Why would they lend shares to someone who is going to push the price down.  Well, there are risks to the short seller (maybe lowish in the current climate!).  But a short seller becomes a potential buyer too, and yes, maybe if the price does fall the insto will be happy to buy more (might create a bit of short squeeze as a side benefit, too).

Short selling can be used in conjunction with option strategies too.


----------



## wayneL (21 January 2008)

Timmy said:


> Short selling can be used in conjunction with option strategies too.




Bingo! If you want a market function, option traders need to be able to sell short in order to hedge. Without this capability, you say goodbye to option liquidity as market makers could not operate.


----------



## battiwallah (21 January 2008)

See the explanation in Wikipedia:

http://en.wikipedia.org/wiki/Short_selling

This sets it out clearly.


----------



## Trembling Hand (21 January 2008)

So when the market crashes there is someone there to buy it off the panicking bulls that bought it at too high a price.


----------



## bunyip (21 January 2008)

cuttlefish said:


> Can anyone explain to me what constructive function short selling serves in a marketplace?




I don't have the answers. I've played the short side of the market many times, in fact I'm doing so right now in this bear market, and loving it. But I've only done it with CFD's or options, never with stocks themselves.

I don't have any figures, but I reckon these days that many short sellers would be using derivatives to do it.

Bunyip


----------



## cuttlefish (21 January 2008)

thanks for the informative responses all.



			
				Trembling hand said:
			
		

> So when the market crashes there is someone there to buy it off the panicking bulls that bought it at too high a price.



lol




			
				battiwallah said:
			
		

> See the explanation in Wikipedia:



cheers.

The wikipedia article states: _While the shares are lent, two investors have a right to sell the same shares._  If this is true then to my mind it highlights how ludicrous the concept of a 'borrow' is.  How can delivery occur if the lender has also sold his shares? Which purchaser actually owns the 'real' shares.  This also highlights the sort of odd distortions that seem to become possible when electronic trading systems replace physical ones.

In the world of share certificates having to be delivered to settle a trade surely this situation (two people being entitled to sell the one lot of shares) wouldn't be possible because delivery couldn't be effected to both purchasers?

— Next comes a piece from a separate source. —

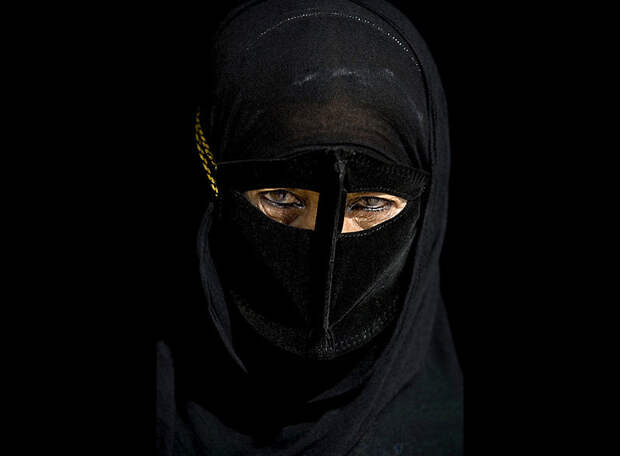 Фотография: Традиционные маски у иранских женщин №8 - BigPicture.ru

I know the markets put limits on the percentage of stock that can be shorted and also make sure a lender has been locked in before allowing a short to occur in order to counter the risks in this activity, but overall conceptually it seems to be a bit bogus.


----------



## Trembling Hand (21 January 2008)

cuttlefish said:


> I know the markets put limits on the percentage of stock that can be shorted and also make sure a lender has been locked in before allowing a short to occur in order to counter the risks in this activity, but overall conceptually it seems to be a bit bogus.

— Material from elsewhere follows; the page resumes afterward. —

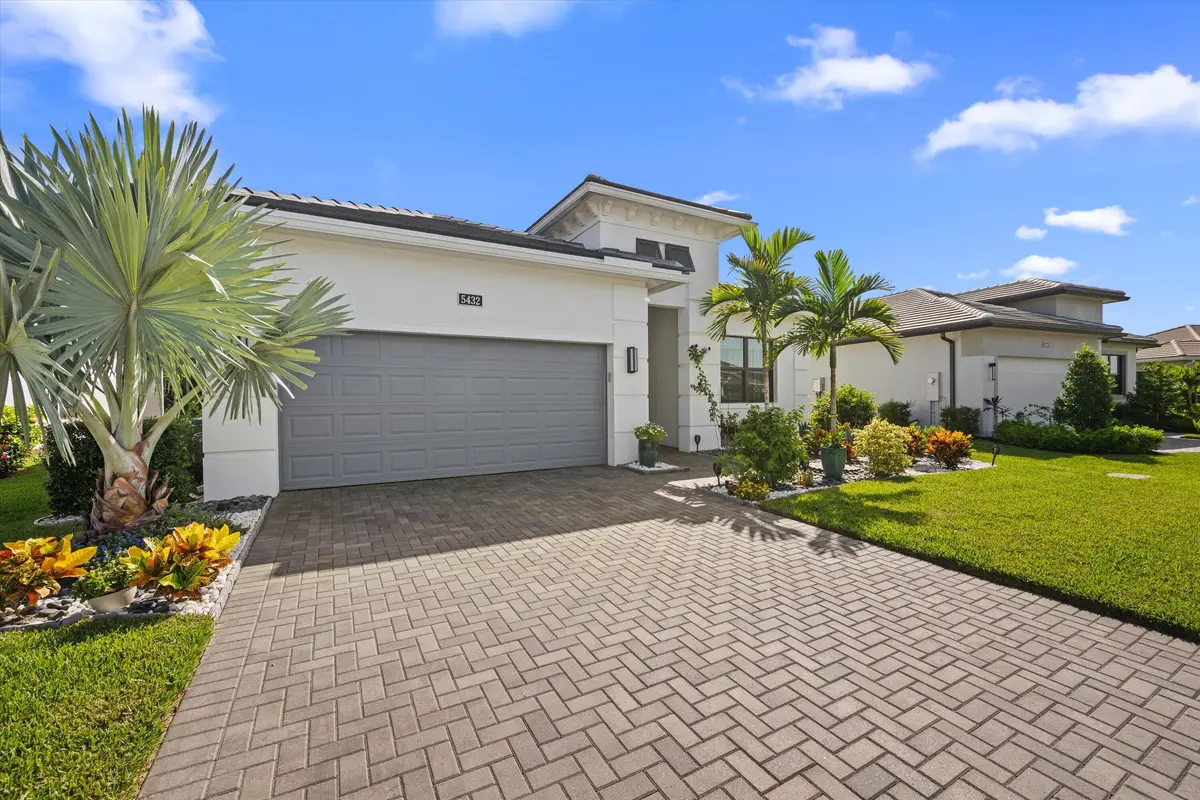 03-DSC_6965 at 5432 Saint Armands Way, Westlake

So would you also have Margin loans vanquished in your new ,only one way market, up. That is borrowing something you don't own and entering a position.
And if you are in a bad mood at the moment you should be blaming the leveraged longs for that. And They are more than 1% of the market and responsible for the prices being so high and these nasty corrections. 

And then why not all derivatives. in fact why not all borrowing in the whole economy. what function does that create. See sub-prime!!


----------



## cuttlefish (22 January 2008)

Trembling hand said:
			
		

> And then why not all derivatives. in fact why not all borrowing in the whole economy. what function does that create. See sub-prime!!




lol Trembling hand I'm interpreting that the above post is intended light heartedly, but in case its not I just want to state for the record that I didn't start this thread because I'm in a bad mood or because I have any vendetta against practitioners of short selling.  (if its available then make use of it I'm not stopping you). I'm averse to CFD's so use eto's for short positions.  I've got access to day short selling but it doesn't match my trading/investing style even though I suspect its been pretty lucrative for some of late. 

I am just interested in having a full understanding of the mechanics of the markets, partly because in extreme circumstances mechanical flaws can create distorted effects that might provide potential opportunities (or help to avoid pitfalls).




> So would you also have Margin loans vanquished in your new ,only one way market, up. That is borrowing something you don't own and entering a position.
> And if you are in a bad mood at the moment you should be blaming the leveraged longs for that. And They are more than 1% of the market and responsible for the prices being so high and these nasty corrections.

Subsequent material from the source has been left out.